## TASK DIRECTIONS
Copy nothing but the lines from the one containing "19 Color High" through the last line of the entries below, exactly as written and without pictures.

Image-caption web data
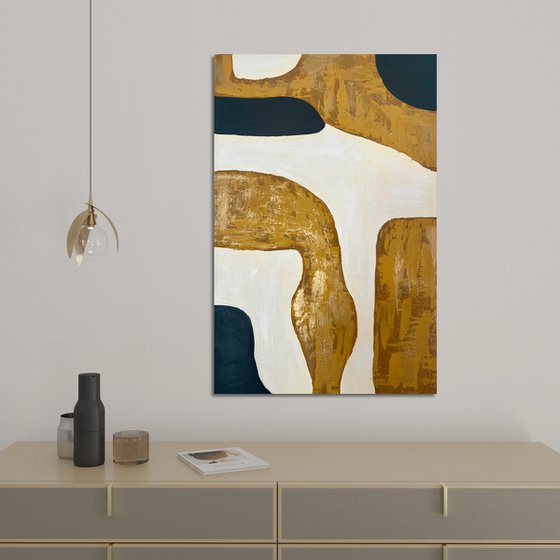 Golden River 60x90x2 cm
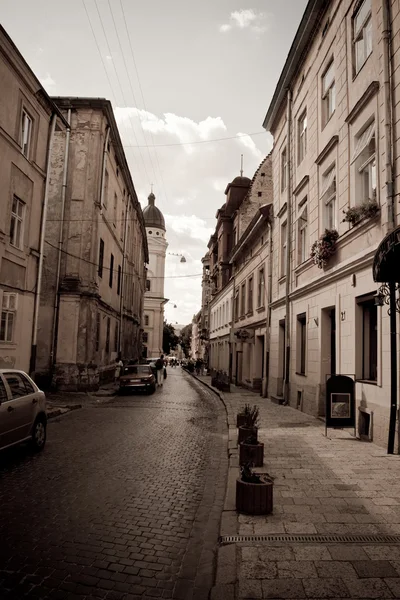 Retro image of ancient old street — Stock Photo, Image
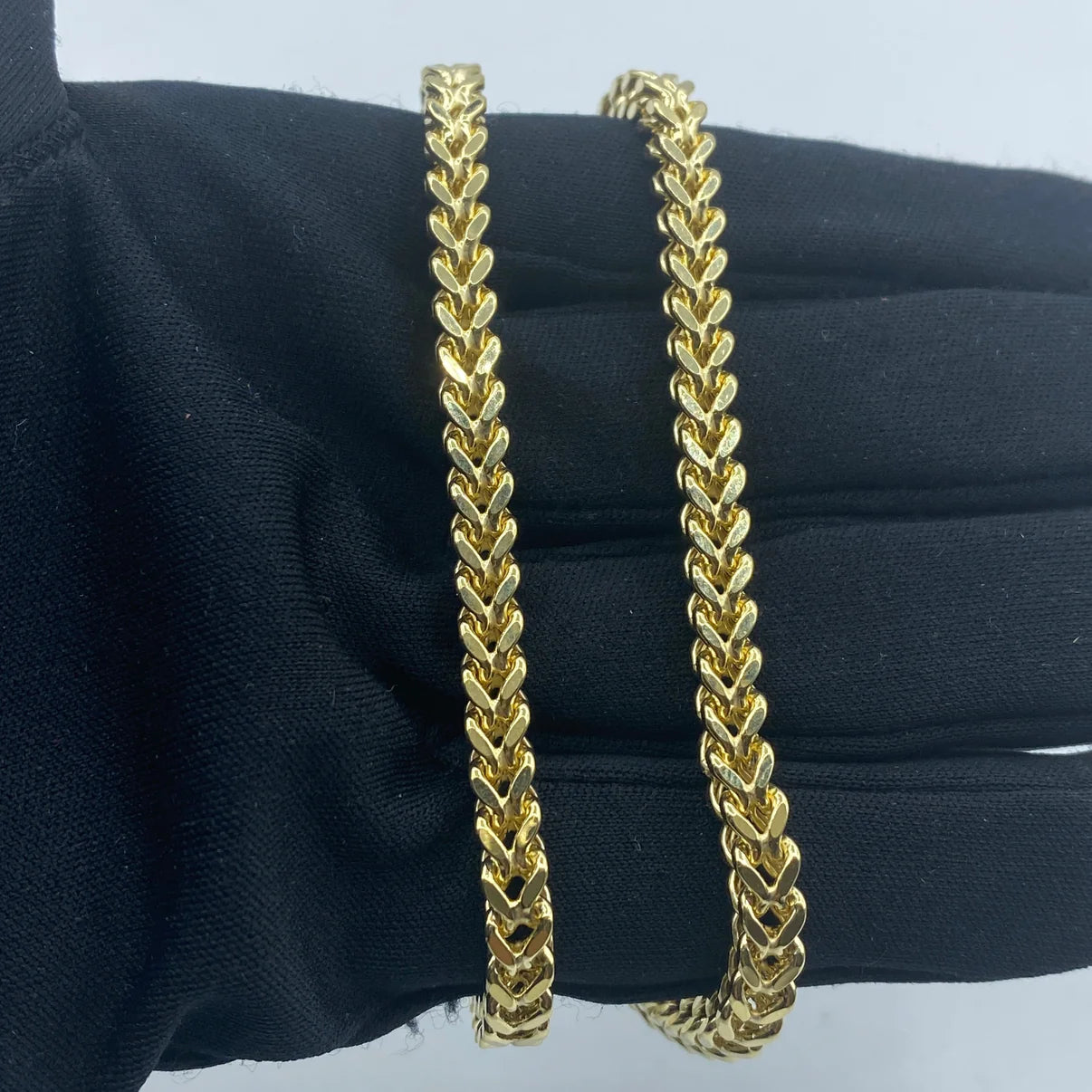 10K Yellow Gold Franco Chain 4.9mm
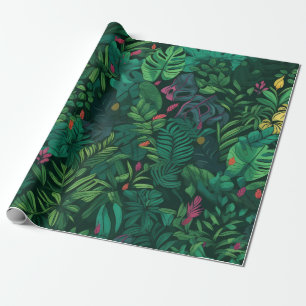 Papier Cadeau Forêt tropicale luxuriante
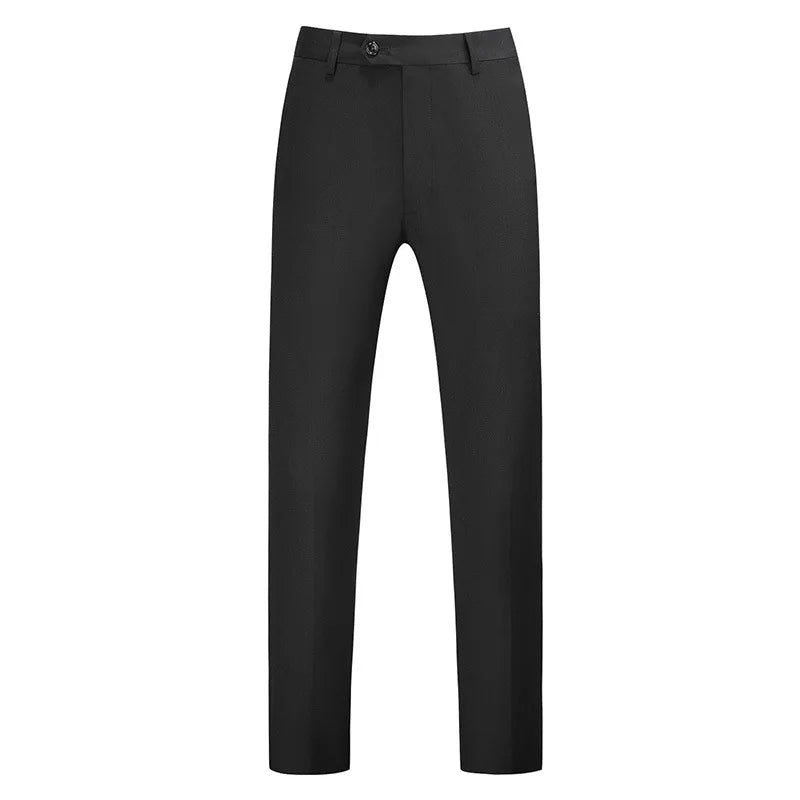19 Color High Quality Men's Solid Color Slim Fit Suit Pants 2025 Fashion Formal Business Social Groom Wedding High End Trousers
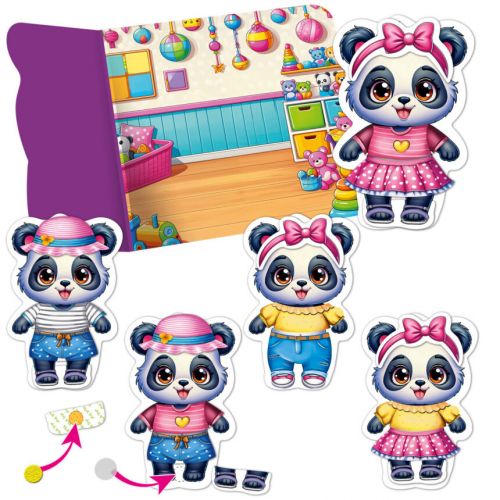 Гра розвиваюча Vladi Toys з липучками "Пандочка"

## RESULT
19 Color High Quality Men's Solid Color Slim Fit Suit Pants 2025 Fashion Formal Business Social Groom Wedding High End Trousers
 Гра розвиваюча Vladi Toys з липучками "Пандочка"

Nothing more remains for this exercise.